29 November 2015

Insider threats: Taking the fight to the document level

Steve Gottwals, Technical Director of Security Solutions, Adobe November 25, 2015 

The threat to Department of Defense documents is persistent, eminent and evolving. According to the Identity Theft Resource Center’s Data Breach Report, there have been 51 breaches this year in the government — including the military — that exposed more than 33 million documents to security vulnerabilities. This drastic uptick from last year is evidence that data breaches are growing in effectiveness. Although the response to this increased risk has been to boost high-level encryption, this is not the comprehensive silver bullet solution that some may believe it to be. High-level encryption alone still leaves multiple avenues of attack open to cyber criminals, and the most dangerous among them is the insider threat.

Agencies need to be more proactive in securing and monitoring their sensitive documents. The best way to do this is to adopt a defense-in-depth approach, applying encryption and other security solutions all the way down to the document level. With document management technology and monitoring analytics, agencies can more effectively protect their content through its entire lifecycle. User-based encryption, specifically Digital Rights Management (DRM), is a perfect example of a solution that extends cyber protections to the document level. Because DRM-based encryption is focused on the specific user and grants access only to the person that needs it, DRM continually protects sensitive information no matter where it goes or how it is stored. By encrypting the entire file, any user that seeks to obtain access must first go through an authentication process, even if trying to access the document outside of an agency system. Even failed authentication attempts at viewing the information will be detected. In an absolutely worst-case scenario, the document can be revoked entirely, which effectively acts like a remote shredder.
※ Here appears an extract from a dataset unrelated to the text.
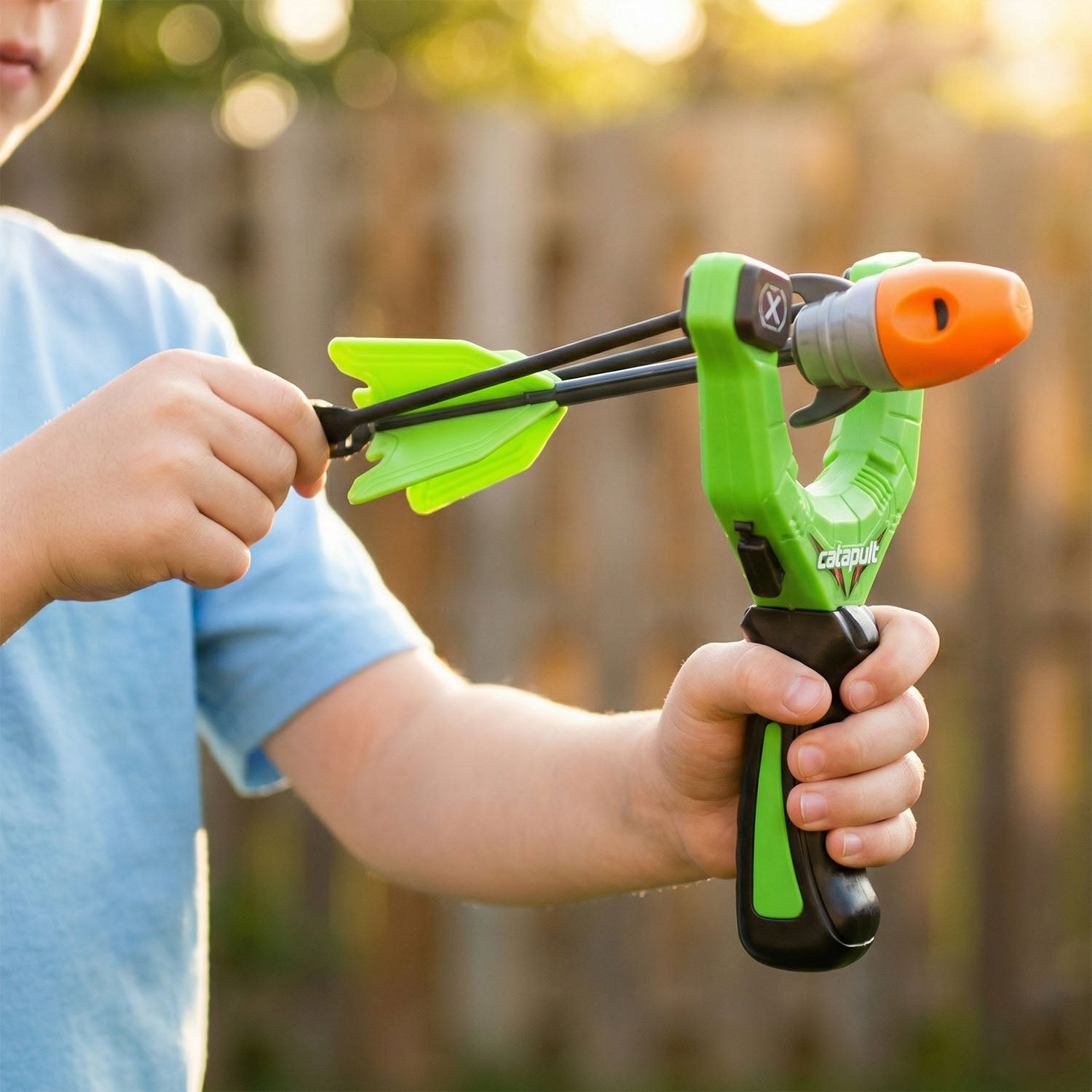 Safe suction cup arrow catapult toy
Building on extending protections within the document repository, organizations can further minimize insider threats by controlling access to sensitive information with an attribute-based access control (ABAC) model. ABAC is a powerful concept that relies on restricting access to specific information, providing an extra level of protective controls. This approach allows agencies to control their information security and authentication with surgical precision, barring unauthenticated users from viewing specific elements — paragraphs, images, videos, titles and bullet points — of a document. Since each object is distinctly tagged with a security marking, users or groups of users will be limited to viewing only those items or portions of documents they are authorized to see, depending on their individual security attributes, such as clearance level, environmental variables or physical location.
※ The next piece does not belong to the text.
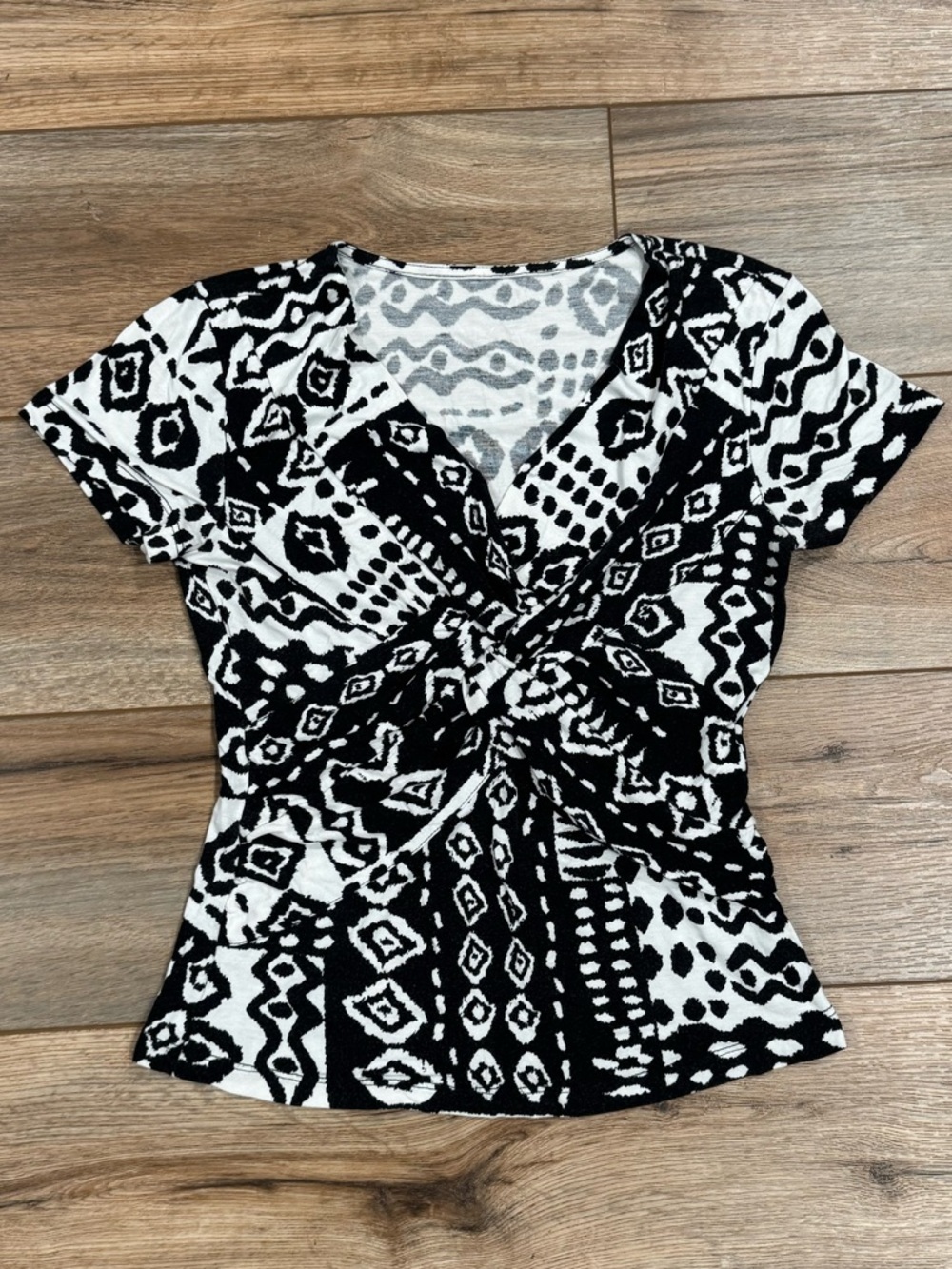 VINTAGE 1999 Black and White Fitted Knot Wrap Top | Size Small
In guarding against insider threats, the last factor that agencies must account for is the human factor. By utilizing behavioral analytics, agencies will gain the ability to examine the profiles of users who access protected information, including what content they are accessing, how often they are requesting access to said content, and actions they are taking with that content after obtaining access. This provides a baseline behavioral model, which can then be used to detect anomalies in usage patterns that may be indicative of a potential insider threat. This is a superb tool for preventing data compromise in the first place, but in the event that an agency’s information is compromised, behavioral analytics will also aid in determining if certain sensitive documents may have been exposed due to security gaps.

As cybersecurity continues to be one of the predominant focuses for improvement in the DoD, agencies must always be looking for solutions to bolster their current security posture. Today, the most impactful opportunities to do this are centered on implementing stronger measures to manage documents and data rights. As targeted threats increase in scope and severity, these protective safeguards are an imperative for insider threat prevention and should not be missing from any agency’s arsenal.